Ethiopia as a test case for real-time, gene-sequencing-based Pst diagnostics and surveillance
Ethiopia is the largest wheat producer in sub-Saharan Africa and is currently facing a major threat from wheat rust diseases, including yellow rust caused by Pst. As a potential gateway for new Pst strains entering Africa, it is the highest priority country in the region for rapid diagnostics . In recent years, at least two novel virulent rust races have migrated into Ethiopia from other regions on prevailing winds . For none of these recent incursions was it possible to obtain early, in-season detection and diagnosis of the new virulent races. Identification was possible only after disease establishment and spread had already occurred. The reliance on specialised laboratories outside of Africa for diagnosing individual Pst strains slows disease management decisions, a situation exacerbated by the lengthy nature of the assays, which can take many months to complete.

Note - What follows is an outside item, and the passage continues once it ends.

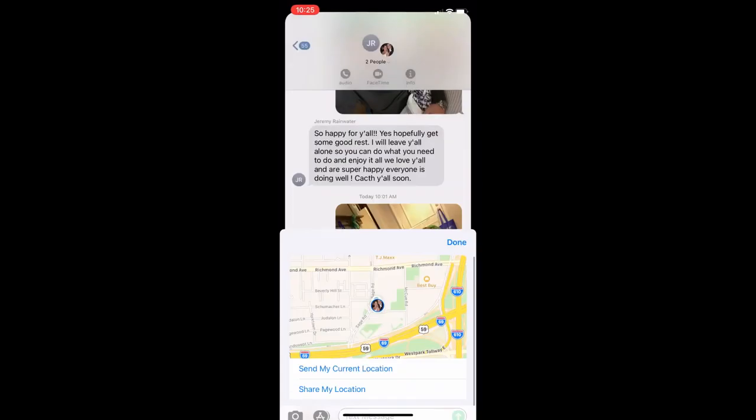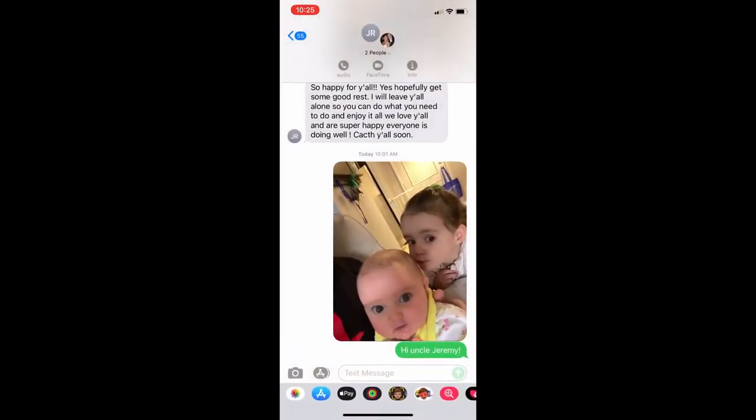That is because one of the participants is not using an Apple device. At this time, Apple does not support group messages with devices outside of Apple — they have to be the blue text messages to be able to do this.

Currently, no developing country has the capacity to undertake real-time pathogen diagnostics on important crop diseases such as wheat yellow rust. Yet, developing countries bear the brunt of the epidemics. Therefore, we focused the deployment of our nanopore-based Pst genotyping system in Ethiopia. As infrastructure and logistics in developing countries can often limit the deployment of advanced diagnostic tools, we developed a mobile lab system contained in a single hard case to facilitate the movement of our MARPLE diagnostic platform between locations. Although still dependent on specialist expertise in the design phase, the resulting system itself is simple, making it highly suitable for resource-poor regions. For instance, an in-country trial illustrated that the pipeline can be used directly in Ethiopia in any lab irrespective of existing infrastructure and without the need for continuous electricity or access to additional laboratory equipment  (Additional file 13; Additional file 1: Table S13).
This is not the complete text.